De véritables œuvres d’art
En tout, Naughton a passé « au moins 15 ans à travailler avec deux artistes canadiens au début ». Puis, lorsque survient 2001, l’heure de la retraite sonne pour la scientifique. En besoin de renouveau, elle poursuit son récit avec émotion : « J’ai pris un pas de géant en dehors de ma zone de confort. J’ai suggéré de compléter l’écriture et de préparer les illustrations qui allaient éventuellement accompagner les œuvres remarquables [que nous avions déjà]. » Les illustrations qu’elle ne signe pas de sa propre main sont les œuvres de Paul Geraghty, Julius Csotonyi et Brenda Carter.

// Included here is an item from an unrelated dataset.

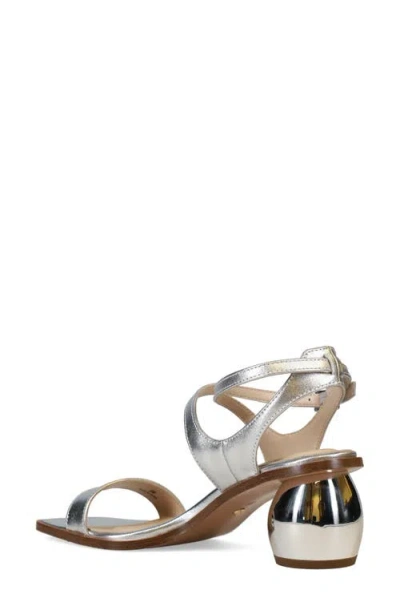Pelle Moda Laika Ankle Strap Sandal In Silver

Kamal Khidas, le conservateur de la collection des vertébrés du Musée, a été impliqué dans un accident ce soir-là et est arrivé en retard. Cela ne l’a pas empêché d’afficher un large sourire essoufflé en expliquant fièrement qu’il a « tenu à venir », avant d’ajouter : « C’est vrai que j’ai travaillé fort pour rédiger mon discours! Ce livre a beaucoup d’importance, je respecte énormément ce que Donna [Naughton] a fait. »
Une version actualisée
Si les illustrations pouvaient être reprises pour l’édition francophone du traité, il n’en restait pas moins qu’il fallait traduire le texte. « Avec plus d’un demi-million de mots dans la version anglaise, je suis certaine que ce n’était pas un livre facile à traduire », constate Naughton. Le travail acharné de l’équipe de traduction des Éditions Michel Quintin a porté ses fruits. Selon les dires de l’auteure originale, plusieurs informations datées ont été mises à jour à travers le processus. « Je peux assurément dire que l’édition francophone est plus actuelle que l’anglophone… sans parler des 75 pages supplémentaires et du demi-kilo de plus! » lance-t-elle avec un sourire.
On peut dire sans se tromper qu’elle a compris la langue des mammifères du Canada comme peu d’autres.